Issue 10

Open Science Newsletter


ASAPbio have launched ReimagineReview, a register of experiments around innovations in peer review.


Springer Nature and ResearchGate have started a trial where subscription content of Nature journals is pushed to ResearchGate. Whereas this was seen as positive for ResearchGate, which is threatened by legal action from other subscription publishers for users posting their copyrighted material, there has been speculation as to Springer Nature’s motivations for this move.
It might be seen as confirmation of ongoing speculations that the publishers may be interested in a takeover of the portal. Or it could be motivated by the desire to expand the syndication of subscription content. At this point this remains a trial whose impact remains to be seen. Although the publisher has already implemented a content distribution scheme with ReadCube, the broad availability of content across different channels ultimately may encourage libraries to cancel journal subscriptions in favor of open access publishing. Of course, the present scheme is not an affirmative step towards open access, as distribution and reuse rights of the content remain restricted.

Michael Eisen has been announced as the next Editor-in-Chief of eLife. Congratulations! He aims to re-invent the assessment of research and peer review process of the selective open access journal.

Norwegian universities failed to reach an agreement with Elsevier on continuing their journal subscriptions, so have terminated the agreement as the latest set-back for the publisher.
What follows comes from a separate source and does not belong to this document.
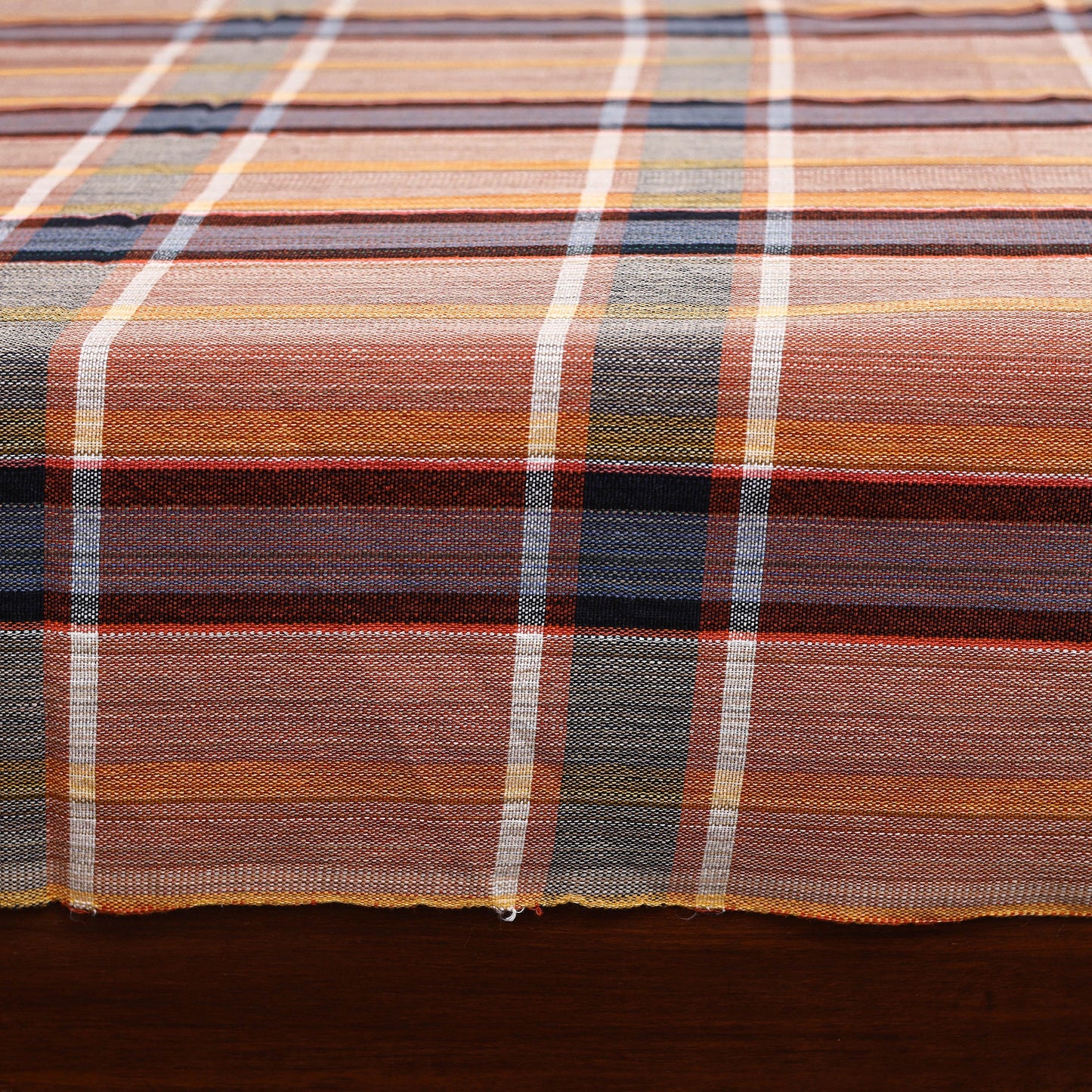 Peach Double Handloom Cotton Bed Sheet Set 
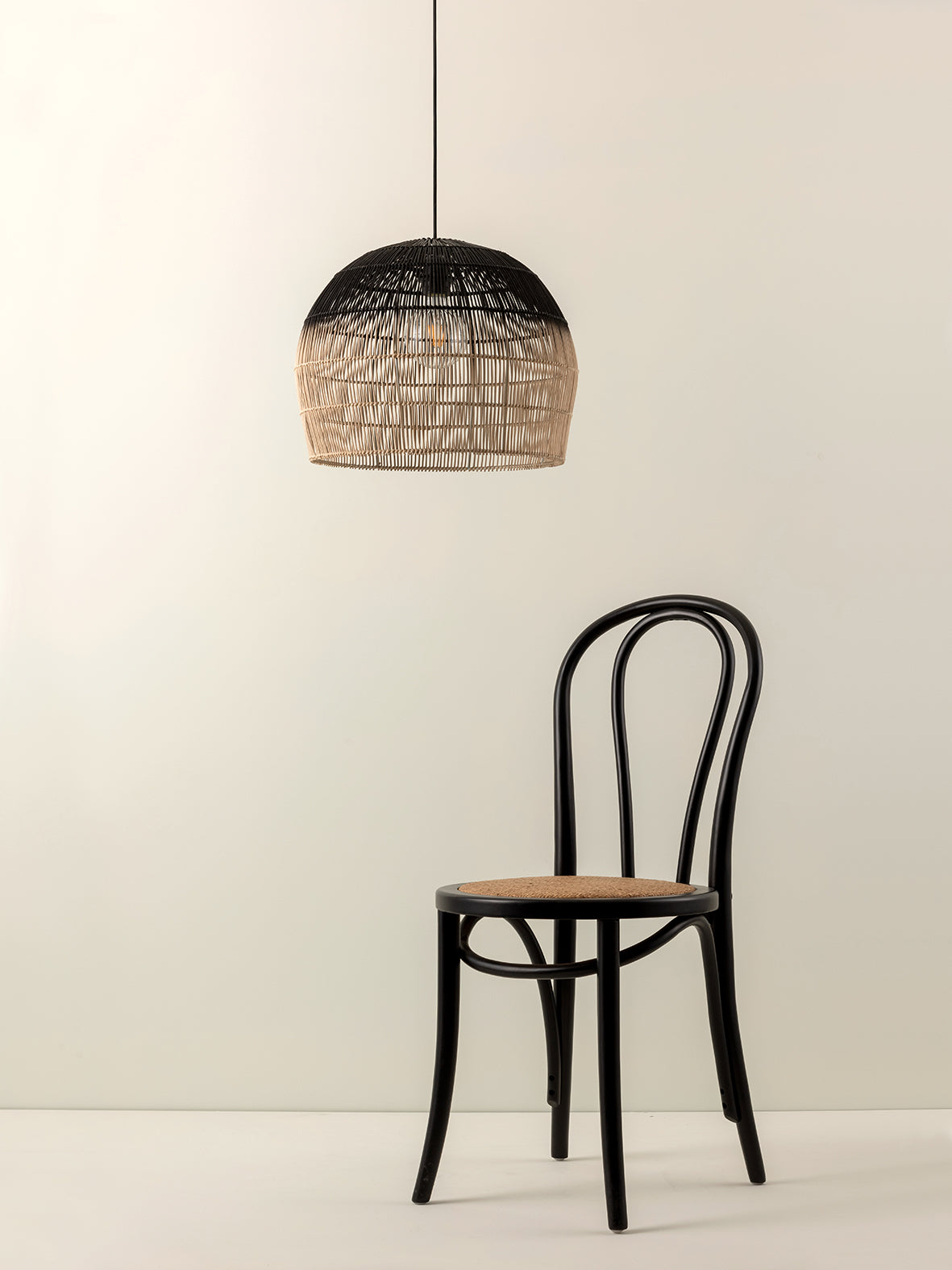 Bilu Black and Natural Ombre Pendant Light - Modern Hanging Fixture for Dining Room, Kitchen Island, or Bedroom Lighting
Elsevier continues to launch mirror journals of their subscription titles, having almost the same title, same editorial board and presumably similar editorial criteria. An announcement for Optical Materials is here. In practice, content distribution and average citation rates for articles across the mirror journals may still differ even for journals having the same common lower editorial bar, and it remains to be seen how the community will react to these in the long-term.

Sweden’s Riksbankens Jubileumsfond is no longer taking part in Plan S as it stands, but remains member of cOAlition S. In their statement they comment that “Plan S needs to be made more flexible and discussed more openly with the research community in order to gain support.”


Twelve years after the first occurrence, a second patient has seen a long-term remission of HIV following a bone marrow transplantation. Published in Nature [institutional repository].

According to the latest WHO report the fight against the latest outbreak of Ebola has made some progress, even though hotspots remain.